Items from a dataset
---*---
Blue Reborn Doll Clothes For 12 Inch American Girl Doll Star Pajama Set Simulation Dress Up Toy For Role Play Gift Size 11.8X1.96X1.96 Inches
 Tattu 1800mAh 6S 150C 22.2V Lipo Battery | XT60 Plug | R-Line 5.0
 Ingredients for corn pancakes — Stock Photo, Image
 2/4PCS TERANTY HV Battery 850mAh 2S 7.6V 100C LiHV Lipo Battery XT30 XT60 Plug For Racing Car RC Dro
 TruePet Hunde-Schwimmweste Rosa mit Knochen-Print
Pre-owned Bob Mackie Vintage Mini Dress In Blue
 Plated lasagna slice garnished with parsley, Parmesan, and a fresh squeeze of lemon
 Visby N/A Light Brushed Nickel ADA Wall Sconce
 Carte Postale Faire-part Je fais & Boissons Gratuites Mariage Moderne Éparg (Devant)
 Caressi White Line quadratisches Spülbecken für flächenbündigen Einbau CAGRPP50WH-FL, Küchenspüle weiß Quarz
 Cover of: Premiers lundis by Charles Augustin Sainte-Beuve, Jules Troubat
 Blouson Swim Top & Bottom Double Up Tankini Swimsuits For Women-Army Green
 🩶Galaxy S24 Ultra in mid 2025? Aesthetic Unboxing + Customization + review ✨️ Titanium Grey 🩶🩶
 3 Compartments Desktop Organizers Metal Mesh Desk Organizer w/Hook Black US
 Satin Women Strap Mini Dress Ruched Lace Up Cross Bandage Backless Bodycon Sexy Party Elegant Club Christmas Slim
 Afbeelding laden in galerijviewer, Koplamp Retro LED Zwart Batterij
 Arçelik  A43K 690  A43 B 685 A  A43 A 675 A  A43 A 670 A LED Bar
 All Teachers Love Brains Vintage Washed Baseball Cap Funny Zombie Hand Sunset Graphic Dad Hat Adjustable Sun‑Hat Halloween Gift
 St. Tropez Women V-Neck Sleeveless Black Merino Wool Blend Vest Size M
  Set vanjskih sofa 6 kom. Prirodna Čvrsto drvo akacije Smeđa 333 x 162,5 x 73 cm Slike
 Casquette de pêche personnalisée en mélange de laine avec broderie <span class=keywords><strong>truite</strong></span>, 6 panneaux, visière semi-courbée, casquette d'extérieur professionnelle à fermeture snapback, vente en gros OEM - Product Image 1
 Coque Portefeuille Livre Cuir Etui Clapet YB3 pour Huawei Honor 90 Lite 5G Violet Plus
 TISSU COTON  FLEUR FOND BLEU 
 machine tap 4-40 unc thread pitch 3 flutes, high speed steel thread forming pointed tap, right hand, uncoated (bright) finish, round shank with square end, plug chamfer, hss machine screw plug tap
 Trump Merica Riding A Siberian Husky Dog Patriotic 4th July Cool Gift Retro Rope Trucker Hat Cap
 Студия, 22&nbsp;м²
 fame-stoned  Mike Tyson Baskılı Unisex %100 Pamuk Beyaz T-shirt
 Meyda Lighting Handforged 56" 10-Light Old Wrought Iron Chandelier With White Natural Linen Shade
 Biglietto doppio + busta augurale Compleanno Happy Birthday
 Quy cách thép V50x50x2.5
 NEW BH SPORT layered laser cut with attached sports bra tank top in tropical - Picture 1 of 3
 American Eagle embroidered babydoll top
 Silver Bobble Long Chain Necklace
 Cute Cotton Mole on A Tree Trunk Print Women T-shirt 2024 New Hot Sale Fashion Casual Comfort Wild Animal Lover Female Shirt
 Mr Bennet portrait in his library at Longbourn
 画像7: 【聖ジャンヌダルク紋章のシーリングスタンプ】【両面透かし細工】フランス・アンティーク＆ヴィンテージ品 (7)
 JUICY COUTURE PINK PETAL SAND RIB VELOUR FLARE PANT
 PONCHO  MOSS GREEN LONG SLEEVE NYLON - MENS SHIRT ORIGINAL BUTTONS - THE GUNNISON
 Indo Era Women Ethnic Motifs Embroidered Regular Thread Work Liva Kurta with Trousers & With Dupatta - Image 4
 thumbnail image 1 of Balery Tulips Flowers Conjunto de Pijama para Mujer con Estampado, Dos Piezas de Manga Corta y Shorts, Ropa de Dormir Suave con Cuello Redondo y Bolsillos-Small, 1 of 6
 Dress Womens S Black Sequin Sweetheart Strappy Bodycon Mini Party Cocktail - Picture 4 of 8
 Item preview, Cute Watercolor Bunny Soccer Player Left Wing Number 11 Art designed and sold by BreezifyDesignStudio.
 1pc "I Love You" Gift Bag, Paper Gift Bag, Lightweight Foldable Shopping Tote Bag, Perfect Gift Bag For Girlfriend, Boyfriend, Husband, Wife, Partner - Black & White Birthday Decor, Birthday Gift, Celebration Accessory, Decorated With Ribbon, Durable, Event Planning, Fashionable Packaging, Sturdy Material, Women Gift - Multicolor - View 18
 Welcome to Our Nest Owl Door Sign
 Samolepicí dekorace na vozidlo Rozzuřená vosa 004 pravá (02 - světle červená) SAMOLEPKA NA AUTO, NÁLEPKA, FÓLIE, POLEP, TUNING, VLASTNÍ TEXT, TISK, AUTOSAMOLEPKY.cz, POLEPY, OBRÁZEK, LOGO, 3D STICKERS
---*---
• Problem statement:
Your reply should consist of a single number, the count of lines in the records above that contain the string "Vintage".

• Reply to the task:
2